Velbert. Kaum war Velberts Hertie-Filiale dicht, ist sie schon wieder neu eröffnet: Ehemalige Mitarbeiter schmeißen den Laden auf 1 000 Quadratmetern jetzt selbst — mit eigenem Konzept: Günstig sein, aber kein Ramsch-Laden.
Hertie ist weg. Hertie ist wieder da. Paradoxerweise bergen beide Aussagen einen Kern Wahrheit in sich: Die große Warenhauskette hat Velbert zwar den Rücken gekehrt. Doch da, wo früher Schuhe, Parfum und Schreibwaren lockten, ist wieder Leben eingekehrt. Ausgerechnet ehemalige Hertie-Mitarbeiter stellen im Erdgeschoss etwas Neues auf die Beine.
Etwas kahl und provisorisch sieht es noch aus. Die Gänge sind breiter als das Warenangebot, ein roter Vorhang trennt das Büro der Geschäftsführerin von der Verkaufsfläche, hinter ihrem Schreibtisch stapeln sich Warenkartons. „Es kommt ja noch viel mehr“, kündigt Stephanie Gremm an. Vor 15 Jahren arbeitete sie als Abteilungsleiterin bei Karstadt schonmal in Velbert; jetzt ist sie als Geschäftsführerin zurückgekommen.

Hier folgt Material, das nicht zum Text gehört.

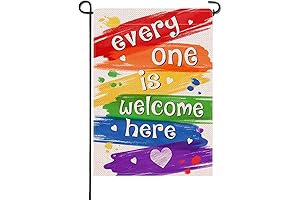 Artofy Rainbow Every One is Welcome Here Small Decorative Garden Flag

Ob Osterdekoration, Bücher oder Handtaschen: Was schon da ist, haben die Mitarbeiter liebevoll drapiert, von Wühltischatmosphäre keine Spur. „Wir legen schon Wert darauf, dass das kein Ein-Euro-Shoppen wird, keine Resteverwertung“, betont Sven Moosdorf, Leiter Ein- und Verkauf bei X-Friends. Günstig soll es sein, aber auch gut. „X-Friends hat sich zum Ziel gesetzt, reduzierte Markenware günstig anzubieten“, beschreibt Gremm das Konzept. Derzeit liegt ein Angebot von WMF zur Prüfung auf ihrem Schreibtisch; Jeans von Rosner können die Kundinnen schon anprobieren.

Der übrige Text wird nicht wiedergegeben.